The hollowing-out of so many American cities in the 1970s and 1980s – as manufacturing jobs moved out of Detroit and Pittsburgh, and to Tokyo, Seoul and Guangzhou (or, when they remained domestic, to Tennessee and Kentucky), crime rose, and the middle-class and their jobs moved out to the suburbs – transformed urban life into something profoundly alien for the median American voter. And, naturally enough, much of the rhetorical populism of the GOP since the 1970s consists of exploiting the stark difference of experience between urban elites that are overwhelmingly Democratic and the mass of the voting population that is suburban, exurban or rural – and the most successful national Democrats during this period have been those who were not identified in any meaningful way with cities (e.g., Carter, Clinton, Gore).

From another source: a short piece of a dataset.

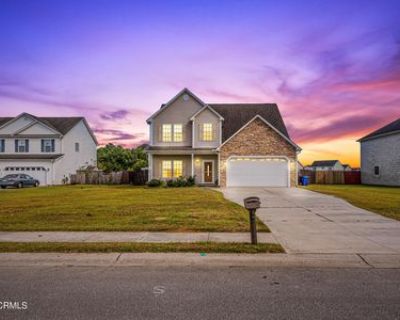 165 Prelude Dr, Richlands, NC 28574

Well, it’s not exactly news, but the cities are changing. Crime has gone down in the center and up in the periphery. Housing values are holding up better in downtown New York, Chicago and San Francisco than they are in suburban and exurban areas. The biggest drug epidemic of the past decade is predominantly non-urban. We’re not going back to the America of a century ago, where the cities were growing by leaps and bounds, absorbing emigrants from abroad and from the farms of the hinterland. But our major cities are being transformed from “problem areas” with a decaying residual elite to the natural home of a confident elite of the future. And, lo and behold, the Democratic Party – still the overwhelmingly dominant party in our cities, even though Republican mayors can take some part of the credit for the urban transformation – is now led by two people who hail from urban areas.

Inasmuch as most people won’t be able to afford to live in the swanky new downtown areas, and inasmuch as the social structure of our new cities will still be very different from the social structure of (particularly) exurban and rural America, there will be plenty of scope for a populist anti-urbanism in American politics. But it will be a very different populism than in the past. It is one thing to bash a dying, rear-guard elite in the name of ordinary people who still have confidence and the will to succeed (that’s basically Reaganite populism in a rhetorical nutshell), or to try to dethrone an elite that has fouled their own nest and now wants to come and foul yours (that’s basically Nixonian populism in a rhetorical nutshell). A populism rooted in the frustrations of those left behind by a newly confident and successful urban elite would look like something else entirely – more like the populism of the 19th century party that coined the term than like anything we’ve seen lately, certainly from the GOP.

I guess what I’m ultimately asking is: does Reihan’s template for the GOP represent an adequate response to the changing nature – and urbanization – of the American elite, assuming that such a change is taking place?